Disrupsi media dari cetak ke daring, dibilang senjakala. Lalu kata apa yang pantas disematkan, kalau semakin hari, pekerja dan kekuatan media selalu disinisi oleh penguasa, oposisi, dan seluruh sekondannya?
Jakarta, Lontar.id – Dari tahun ke tahun, pekerja media selalu dianggap rendah. Narasi yang keluar dari kubu Jokowi dan Prabowo tidak pernah ada yang beres. Beberapa kasus sudah terpampang nyata di muka publik.
Pertama, Prabowo menghina kerjaan jurnalis. Meski hal itu sebagai cambuk bagi diri sendiri untuk berbenah, tetapi cukup menyakitkan untuk didengar. Suram.
Kedua, di negeri ini, pendekatan persuasif urusan belakang. Hantam dulu baru minta penjelasan. Contohnya, saat puluhan kader PDIP datang marah-marah, membentak, memaki, dan merusak properti kantor Radar Bogor.

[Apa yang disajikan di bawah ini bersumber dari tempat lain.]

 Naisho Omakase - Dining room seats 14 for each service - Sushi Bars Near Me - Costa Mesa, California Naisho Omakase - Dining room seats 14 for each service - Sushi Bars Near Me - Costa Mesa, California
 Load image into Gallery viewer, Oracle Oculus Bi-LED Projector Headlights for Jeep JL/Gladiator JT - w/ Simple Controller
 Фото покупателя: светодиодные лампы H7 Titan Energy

Radar Bogor memang salah, jika mengikut dari penilaian Dewan Pers. Sebab beritanya, pada Rabu, 30 Mei 2018, berjudul ‘Ongkang-ongkang Kaki Dapat Rp 112 juta’ melanggar kode etik jurnalistik. Isinya menyinggung Megawati.
Apakah menyerang dan menghantam jadi solusi, ketika pemberitaan itu keliru? Penyelesaian masalah saya kira ada caranya. Komunikasi itu penting.

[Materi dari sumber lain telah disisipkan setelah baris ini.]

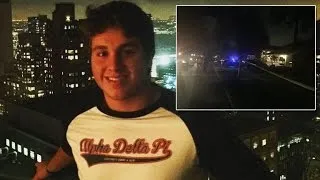 Frat Brother Found Chewing Man's Face After Fatal Double Stabbing: Cops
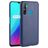 Mobigear Croco Coque Realme C3 Coque arrière Rigide - Bleu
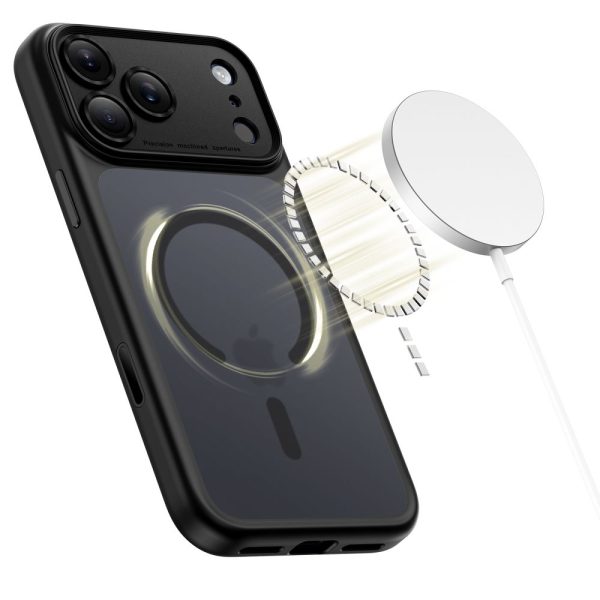 TECH-PROTECT MAGPEAK MAGSAFE CC IPHONE 17 PRO MAX MATTE BLACK - Image 2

Bredel-bredel itu pernah dirasa pada zaman Orde Baru. Era Prabowo jadi Pangkostrad. Hak berpendapat dibungkam, dan kader PDIP dengan getol melawannya. Sekarang bagaimana?

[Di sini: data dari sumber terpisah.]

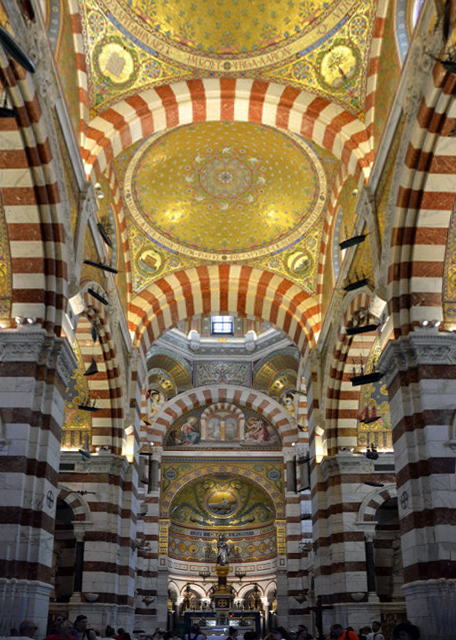 2018-07-21_Marseille_Notre-Dame de la Garde_Mosaic Dome ػʥĸʥ񷶥-10001.JPG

Termutakhir, Jokowi dan kroninya membuat kebijakan yang seakan-akan membuat para pewarta kian tidak enak untuk kritis bahkan duduk berlama-lama di kantornya.
Ya. Susrama dapat remisi usai membunuh Narendra Prabangsa, jurnalis dari Radar Bali, dengan keji. Padahal, hukumannya berat pada awal, dari hukuman mati, kemudian turun menjadi seumur hidup.
Lalu muncullah Kepres No. 29 tahun 2018 tentang Pemberian Remisi Perubahan dari Pidana Penjara Seumur Hidup menjadi Pidana Sementara tertanggal 7 Desember 2018.
Menerima keputusan itu, jujur saja, membuat saya jadi berpikir lebih dalam lagi, jika mendapati satu liputan bernas yang membongkar cawe-cawe oligarki dalam mereguk duit besar lewat sendi-sendi pembangunan.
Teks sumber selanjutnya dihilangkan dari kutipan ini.